# Langtjern TOC interpolation at outlet

## Required python libraries and files, setup variables

In [1]:
import sys
import LangtjernWeather as lw
import numpy as np
import datetime
import pandas as pd
import getpass
import matplotlib
import matplotlib.pyplot as plt
import getpass
import itertools as IT
from itertools import compress
from matplotlib import rc
import shutil
import os
import re
import pickle
import pylab
import statsmodels.api as sm
from patsy import dmatrices

#Setting matplotlib style
matplotlib.style.use('ggplot')
%matplotlib inline
pd.options.mode.chained_assignment = None
rc('text', usetex=True)
rc('xtick', labelsize = 16)
rc('ytick', labelsize = 16)
rc('font', size = 16)
#login function
def login():
    username = input("Username: [JLG] ") #default username JLG
    if not username :
        username = "JLG"
    password = getpass.getpass('Password: ')
    return username, password

#Creating directories to store files. This will overwrite if the directory already exists
def create_dir(dir_name) :
    if not os.path.exists(dir_name) :
        os.makedirs(dir_name)
    else :
        shutil.rmtree(dir_name)
        os.makedirs(dir_name)
#Helper function for plotting
def plot_df(df) :
    num_cols = len(df.columns)
    fig, axes = plt.subplots(nrows = num_cols, ncols = 1, figsize = (20, num_cols * 5))
    for name,ax_h in zip(df.columns, axes) :
        plt.sca(ax_h)
        plt.plot(df.index,df[name])
        #df[name].plot(ax = ax_h)
        ax_h.set_ylabel(name)
    return fig

def isnumber(x):
    try:
        float(x)
        return True
    except:
        return False

#Sanity check
print("Using python version:")
print(sys.version)
print("Paths to python libraries:")
print(sys.path)

#Creating directory to save results
result_dir = './results/'
create_dir(result_dir)    

Using python version:
3.6.3 (default, Oct  3 2017, 21:45:48) 
[GCC 7.2.0]
Paths to python libraries:
['', '/home/jose-luis/Envs/prognos_get_data_py3/lib/python36.zip', '/home/jose-luis/Envs/prognos_get_data_py3/lib/python3.6', '/home/jose-luis/Envs/prognos_get_data_py3/lib/python3.6/lib-dynload', '/usr/lib/python3.6', '/home/jose-luis/Envs/prognos_get_data_py3/lib/python3.6/site-packages', '/home/jose-luis/Envs/prognos_get_data_py3/lib/python3.6/site-packages/IPython/extensions', '/home/jose-luis/.ipython']

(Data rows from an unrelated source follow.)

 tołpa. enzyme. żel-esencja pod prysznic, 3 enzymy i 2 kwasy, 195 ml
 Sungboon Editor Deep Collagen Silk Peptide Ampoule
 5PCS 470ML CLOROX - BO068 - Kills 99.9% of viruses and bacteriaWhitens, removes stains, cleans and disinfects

## Asking for credentials to AquaMonitor.

In [2]:
username,password = login()

#Folder where the downloaded data will be saved
root = "./DownloadedData/"
create_dir(root)

Username: [JLG]  
Password:  ··············


## Defining period to download

In [3]:
## Defining period to download

#Setting up date to load data

fromDate = "1970/01/01"
toDate = "2018/12/31"

## Loading data at inlet

In [4]:
chemistry = lw.getLangtjernData(username,password,root,fromDate,toDate, 37933, 'Water')
#del password
chemistry.drop(['Depth1', 'Depth2','ProjectId', 'ProjectName', 'StationId', 'StationCode',
                'StationName','SampleDate_dato', 'SampleDate_tid'], inplace=True, axis=1) 
# chemistry.replace('< 1','Null')
# chemistry.replace('< 0,06','Null')
chemistry = chemistry[chemistry.applymap(isnumber)]

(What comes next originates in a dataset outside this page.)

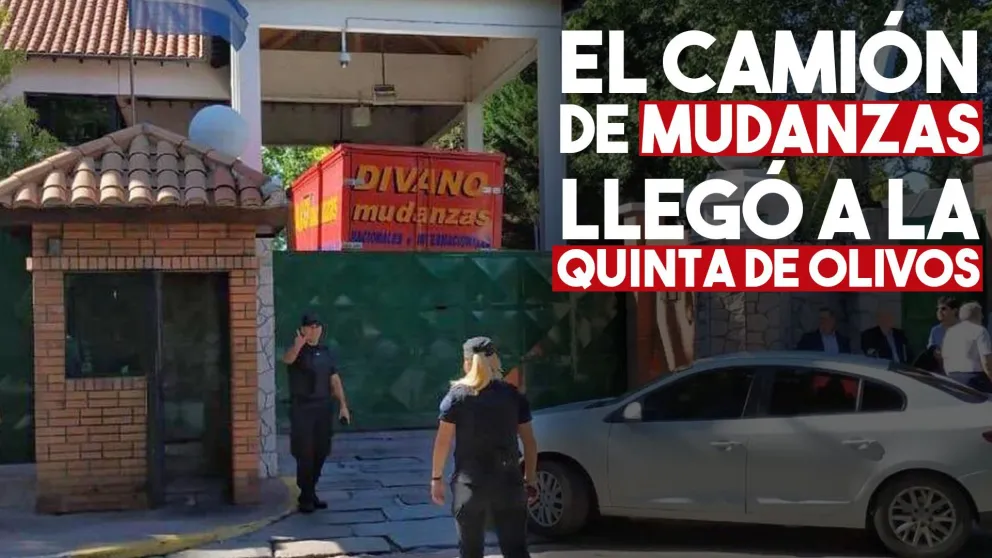 Macri comenzó a mudarse de la Quinta de Olivos y la imagen se viralizó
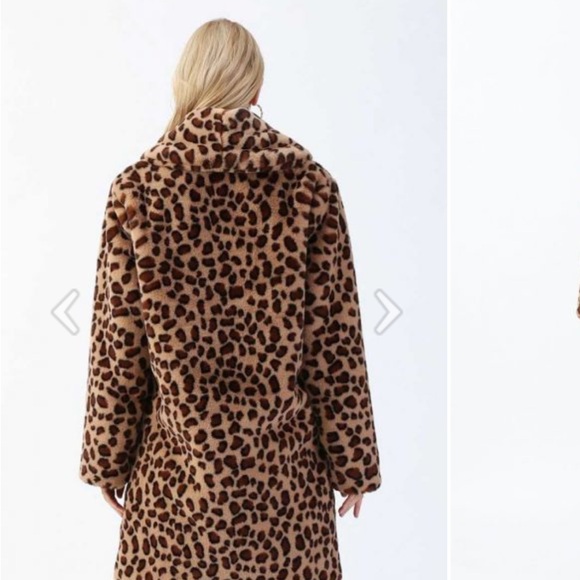 Viral Leopard Print Fur Coat 🧥 size small 🤎 - Picture 2 of 5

chemistry = chemistry.rename(columns=lambda x: re.sub('[_/]',' ',x))
chemistry = chemistry.astype('float64',errors='ignore')
print("The data that were read are: {}".format(chemistry.columns))

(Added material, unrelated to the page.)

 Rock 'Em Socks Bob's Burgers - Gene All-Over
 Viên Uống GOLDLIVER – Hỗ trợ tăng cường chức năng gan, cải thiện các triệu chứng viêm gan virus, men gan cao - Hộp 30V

JSONDecodeError: Expecting value: line 1 column 1 (char 0)

In [None]:
chemistry['TOC mg l'].plot(subplots=True,figsize=(20,5),linestyle='None',marker='.',markersize=1)
TOC=chemistry['TOC mg l']
TOC = TOC[~TOC.index.duplicated(keep='first')]

## Getting CDOM

In [None]:
inlet = lw.getLangtjernData(username,password,root,fromDate,toDate, 63098, 'Water')
inlet.drop(['Depth1', 'Depth2','ProjectId', 'ProjectName', 'StationId', 'StationCode',
             'StationName','SampleDate_dato', 'SampleDate_tid'], inplace=True, axis=1) 
inlet = inlet.rename(columns=lambda x: re.sub('[_/]',' ',x))
inlet = inlet.rename(columns=lambda x: re.sub('µ','u',x))
print("The data that were read are: {}".format(inlet.columns))

In [None]:
inlet.plot(subplots=True,figsize=(20,12),linestyle='None',marker='.',markersize=1)

## Getting radiation

In [None]:
radiation = lw.getLangtjernData(username,password,root,fromDate,toDate, 62040, 'Air')
radiation = radiation['Globalstråling_W/m2']
radiation.columns = ['radiation']
radiation = radiation.astype('float64')
radiation.plot(figsize=(20,3),marker='.',markersize=1,linestyle='')

In [None]:
soilTemp = lw.getLangtjernData(username,password,root,fromDate,toDate, 63099, 'Water')
soilTemp = soilTemp.loc[[i == 0.15 for i in soilTemp['Depth1']],:]
soilTemp = soilTemp['Temperatur_C']
soilTemp = soilTemp.astype('float64')
soilTemp.plot(figsize=(20,3),marker='.',markersize=1,linestyle='')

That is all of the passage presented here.